# [TASK PROMPT]
Among the entries below, one stretch runs from the line that contains "Decorative goose dressed" through the line that contains "33 Windy Meadow". Repeat that stretch exactly, ends included, and only that.

[Short text fragments from websites]
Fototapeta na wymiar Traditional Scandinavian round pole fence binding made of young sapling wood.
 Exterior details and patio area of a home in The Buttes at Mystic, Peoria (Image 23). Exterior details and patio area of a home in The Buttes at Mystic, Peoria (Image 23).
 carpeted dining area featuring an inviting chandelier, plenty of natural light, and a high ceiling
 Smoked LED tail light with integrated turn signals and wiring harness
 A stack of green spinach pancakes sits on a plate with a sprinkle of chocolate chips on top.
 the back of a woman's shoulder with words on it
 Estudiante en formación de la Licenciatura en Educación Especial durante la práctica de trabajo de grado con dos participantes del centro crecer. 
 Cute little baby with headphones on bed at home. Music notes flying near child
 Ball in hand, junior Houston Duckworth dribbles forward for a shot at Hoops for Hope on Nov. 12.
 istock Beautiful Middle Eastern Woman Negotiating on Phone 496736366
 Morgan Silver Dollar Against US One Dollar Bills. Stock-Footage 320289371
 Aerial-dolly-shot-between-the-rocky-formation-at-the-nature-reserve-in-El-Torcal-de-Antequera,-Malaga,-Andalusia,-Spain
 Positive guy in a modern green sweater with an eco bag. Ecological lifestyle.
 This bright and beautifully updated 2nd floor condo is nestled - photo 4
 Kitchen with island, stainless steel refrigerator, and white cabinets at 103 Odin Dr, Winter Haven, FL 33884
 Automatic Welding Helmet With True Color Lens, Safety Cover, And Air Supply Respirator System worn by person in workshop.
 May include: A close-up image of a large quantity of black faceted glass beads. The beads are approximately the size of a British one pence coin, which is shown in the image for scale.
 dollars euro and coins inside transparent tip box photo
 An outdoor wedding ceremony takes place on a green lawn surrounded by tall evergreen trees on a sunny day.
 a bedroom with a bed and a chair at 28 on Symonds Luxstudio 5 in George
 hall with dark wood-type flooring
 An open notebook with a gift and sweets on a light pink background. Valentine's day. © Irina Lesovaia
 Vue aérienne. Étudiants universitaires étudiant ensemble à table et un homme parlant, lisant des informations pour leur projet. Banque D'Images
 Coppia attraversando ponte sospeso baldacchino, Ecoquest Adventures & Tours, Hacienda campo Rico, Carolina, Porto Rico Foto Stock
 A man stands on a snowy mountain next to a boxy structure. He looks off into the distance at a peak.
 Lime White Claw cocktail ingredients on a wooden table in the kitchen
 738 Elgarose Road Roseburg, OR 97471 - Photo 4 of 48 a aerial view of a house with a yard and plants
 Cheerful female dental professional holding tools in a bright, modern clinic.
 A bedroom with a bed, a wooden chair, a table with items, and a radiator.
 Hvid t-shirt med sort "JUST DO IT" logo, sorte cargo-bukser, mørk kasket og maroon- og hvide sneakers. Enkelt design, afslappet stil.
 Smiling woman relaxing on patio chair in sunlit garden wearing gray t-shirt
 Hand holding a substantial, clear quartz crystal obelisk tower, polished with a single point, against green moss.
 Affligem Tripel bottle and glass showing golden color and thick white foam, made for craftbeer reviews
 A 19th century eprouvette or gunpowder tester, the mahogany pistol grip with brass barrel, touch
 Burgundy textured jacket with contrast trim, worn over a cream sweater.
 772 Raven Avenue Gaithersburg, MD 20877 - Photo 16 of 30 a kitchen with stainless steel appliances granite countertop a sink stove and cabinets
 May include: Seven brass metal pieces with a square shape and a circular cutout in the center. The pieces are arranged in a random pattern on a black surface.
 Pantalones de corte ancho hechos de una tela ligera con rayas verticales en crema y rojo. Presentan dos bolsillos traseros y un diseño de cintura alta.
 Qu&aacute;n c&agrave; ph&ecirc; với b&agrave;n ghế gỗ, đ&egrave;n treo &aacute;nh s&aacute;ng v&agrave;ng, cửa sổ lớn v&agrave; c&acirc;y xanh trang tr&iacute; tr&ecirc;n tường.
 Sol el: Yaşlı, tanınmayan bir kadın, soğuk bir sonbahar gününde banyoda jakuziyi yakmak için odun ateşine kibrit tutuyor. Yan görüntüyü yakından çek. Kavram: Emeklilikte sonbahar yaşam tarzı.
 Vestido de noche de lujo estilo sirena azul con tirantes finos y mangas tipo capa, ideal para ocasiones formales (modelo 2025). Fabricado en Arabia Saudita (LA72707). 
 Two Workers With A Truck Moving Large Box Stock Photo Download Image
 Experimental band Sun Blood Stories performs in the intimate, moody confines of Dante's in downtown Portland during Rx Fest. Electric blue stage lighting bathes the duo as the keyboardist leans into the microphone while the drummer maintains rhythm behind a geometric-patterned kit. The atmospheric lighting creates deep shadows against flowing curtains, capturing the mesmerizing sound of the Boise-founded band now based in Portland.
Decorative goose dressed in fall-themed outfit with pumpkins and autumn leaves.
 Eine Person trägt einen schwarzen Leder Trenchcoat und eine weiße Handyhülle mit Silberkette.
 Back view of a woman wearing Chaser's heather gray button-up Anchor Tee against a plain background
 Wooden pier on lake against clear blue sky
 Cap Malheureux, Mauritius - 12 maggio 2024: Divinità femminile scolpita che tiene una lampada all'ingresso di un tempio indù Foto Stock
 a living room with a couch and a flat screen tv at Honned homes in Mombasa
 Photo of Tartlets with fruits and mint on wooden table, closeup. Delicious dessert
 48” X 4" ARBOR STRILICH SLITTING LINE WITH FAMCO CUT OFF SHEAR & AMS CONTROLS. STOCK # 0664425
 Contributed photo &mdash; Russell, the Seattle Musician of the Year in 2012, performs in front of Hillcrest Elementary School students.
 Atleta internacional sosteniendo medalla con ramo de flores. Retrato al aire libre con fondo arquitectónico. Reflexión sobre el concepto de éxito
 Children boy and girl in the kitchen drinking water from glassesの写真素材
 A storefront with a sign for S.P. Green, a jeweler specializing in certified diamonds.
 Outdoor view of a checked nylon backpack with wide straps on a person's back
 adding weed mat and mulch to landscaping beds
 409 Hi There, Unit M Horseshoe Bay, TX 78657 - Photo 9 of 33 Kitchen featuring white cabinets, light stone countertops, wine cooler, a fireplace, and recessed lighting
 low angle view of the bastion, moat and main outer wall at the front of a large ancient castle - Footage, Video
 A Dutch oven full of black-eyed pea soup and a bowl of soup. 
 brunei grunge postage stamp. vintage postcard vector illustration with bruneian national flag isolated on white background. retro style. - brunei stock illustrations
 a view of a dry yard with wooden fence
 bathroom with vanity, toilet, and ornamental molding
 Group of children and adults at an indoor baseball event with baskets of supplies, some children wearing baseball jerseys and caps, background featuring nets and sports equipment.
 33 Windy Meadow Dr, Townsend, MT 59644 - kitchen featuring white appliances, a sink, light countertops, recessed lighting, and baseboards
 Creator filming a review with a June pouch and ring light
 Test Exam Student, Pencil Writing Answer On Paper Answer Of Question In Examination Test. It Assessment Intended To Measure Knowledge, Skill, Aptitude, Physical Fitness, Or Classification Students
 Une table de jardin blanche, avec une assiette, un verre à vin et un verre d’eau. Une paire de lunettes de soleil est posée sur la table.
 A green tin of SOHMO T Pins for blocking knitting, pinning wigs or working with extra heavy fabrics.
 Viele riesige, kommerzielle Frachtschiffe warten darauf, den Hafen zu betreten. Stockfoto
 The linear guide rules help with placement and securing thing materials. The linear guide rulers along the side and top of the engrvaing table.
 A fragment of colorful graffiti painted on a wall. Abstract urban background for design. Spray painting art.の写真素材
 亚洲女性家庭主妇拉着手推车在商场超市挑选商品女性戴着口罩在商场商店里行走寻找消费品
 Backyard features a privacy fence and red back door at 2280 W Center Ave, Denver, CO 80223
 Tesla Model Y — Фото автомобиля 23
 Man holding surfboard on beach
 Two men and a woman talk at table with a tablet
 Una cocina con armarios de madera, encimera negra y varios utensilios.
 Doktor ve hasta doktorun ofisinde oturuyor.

# [RESULT]
Decorative goose dressed in fall-themed outfit with pumpkins and autumn leaves.
 Eine Person trägt einen schwarzen Leder Trenchcoat und eine weiße Handyhülle mit Silberkette.
 Back view of a woman wearing Chaser's heather gray button-up Anchor Tee against a plain background
 Wooden pier on lake against clear blue sky
 Cap Malheureux, Mauritius - 12 maggio 2024: Divinità femminile scolpita che tiene una lampada all'ingresso di un tempio indù Foto Stock
 a living room with a couch and a flat screen tv at Honned homes in Mombasa
 Photo of Tartlets with fruits and mint on wooden table, closeup. Delicious dessert
 48” X 4" ARBOR STRILICH SLITTING LINE WITH FAMCO CUT OFF SHEAR & AMS CONTROLS. STOCK # 0664425
 Contributed photo &mdash; Russell, the Seattle Musician of the Year in 2012, performs in front of Hillcrest Elementary School students.
 Atleta internacional sosteniendo medalla con ramo de flores. Retrato al aire libre con fondo arquitectónico. Reflexión sobre el concepto de éxito
 Children boy and girl in the kitchen drinking water from glassesの写真素材
 A storefront with a sign for S.P. Green, a jeweler specializing in certified diamonds.
 Outdoor view of a checked nylon backpack with wide straps on a person's back
 adding weed mat and mulch to landscaping beds
 409 Hi There, Unit M Horseshoe Bay, TX 78657 - Photo 9 of 33 Kitchen featuring white cabinets, light stone countertops, wine cooler, a fireplace, and recessed lighting
 low angle view of the bastion, moat and main outer wall at the front of a large ancient castle - Footage, Video
 A Dutch oven full of black-eyed pea soup and a bowl of soup. 
 brunei grunge postage stamp. vintage postcard vector illustration with bruneian national flag isolated on white background. retro style. - brunei stock illustrations
 a view of a dry yard with wooden fence
 bathroom with vanity, toilet, and ornamental molding
 Group of children and adults at an indoor baseball event with baskets of supplies, some children wearing baseball jerseys and caps, background featuring nets and sports equipment.
 33 Windy Meadow Dr, Townsend, MT 59644 - kitchen featuring white appliances, a sink, light countertops, recessed lighting, and baseboards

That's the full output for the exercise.